“If you want to be a successful professional writer, you need to learn business.”

Kristine Katherine Rusch

THE PURSUIT OF PERFECTION, And How It Harms Writers, WMG Publishing, 2013.


Rusch makes a strong argument for writers to take control of their own careers in her book THE PURSUIT OF PERFECTION.

She points out that the business side of what we do is not a part of an MFA degree. We are often told that most writers can’t make a living. Writing is a labor of the heart, and we’re reminded that very few authors reach the level of earning potential that we all dream of. We pour our hearts and souls into our stories, and then we willingly hand over our creations and financial control to complete strangers without a second thought.

There’s no doubt that writing is hard work and long hours, and it is a business after all. All industries experience cycles of downturn. Smart business owners know how to survive through the lean times and make smart investments during the surplus years.

A writer needs to understand the publishing world and that sometimes sales slack off. If you understand your chosen profession, it might be a tweak of your writing or a new cover design is the answer. Or not. Maybe you’ve signed a bad contract.

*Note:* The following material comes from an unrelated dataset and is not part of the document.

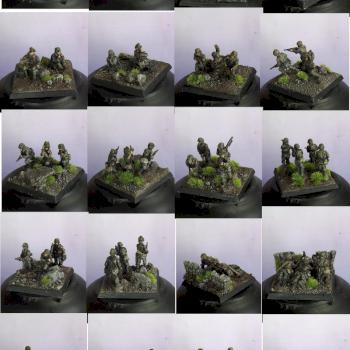 world-warII deutch army ( commission for work) by avalon008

The main point that I learned from Rusch’s book is that writers must have a grasp of the options and take control. For a new perspective on the business side of publishing, you might give this book a try. I found it to be an interesting read and an eye-opener.


Personally, I’ve always been a glass half-full kind of person. In today’s publishing world where everything is undoubtly changing, why can’t we have it all?

If you’ve ever read much about the halo marketing theory, it stands to reason that every piece of writing we tag our name to helps promote ALL of our projects. Bios in freelance articles and blog posts can include your other book titles for sale. Books published can lead to speaking invitations and booths at library fairs. Everything we tag can help drive readers to our website where they can find out more.

Set aside your dreamy, creative selves for a second and put on your business caps. If you want to control the content, put your book up for pre-sale, create a little buzz and save money to self-publish. You can make it happen.

If your book doesn’t have a universal appeal, but it’s near and dear to your heart, find a small press. Develop a killer marketing plan for your region and sell the heck out of your book. Do it now.

Should you ever write a book extraordinary enough to snag an agent resulting in a huge print run from a major house, wouldn’t that be great too?

I agree with the simple business theory that can apply to writers too: produce a quality product worth paying for.



  1. Excellent post, Natalie. I see the halo effect every single day with my books. The circle is always widening. .New readers are discovering my older stuff. Just this weekend a short story I wrote three years ago came out in a small ezine and my newer readers are reading it. Just amazing. Nothing is ever too old to put out there and keep promoting.

    Wishing you tons of success with your books! I hope you’re brave enough to jump into the deep water. Nothing’s happening in the shallow end of the pool.

    • Thanks, Linda. I love your short story “The Telegraph Tree”, and so excited to be able to read it again in latest edition of Things do find new homes sometimes. Thanks for following WordsmithSix.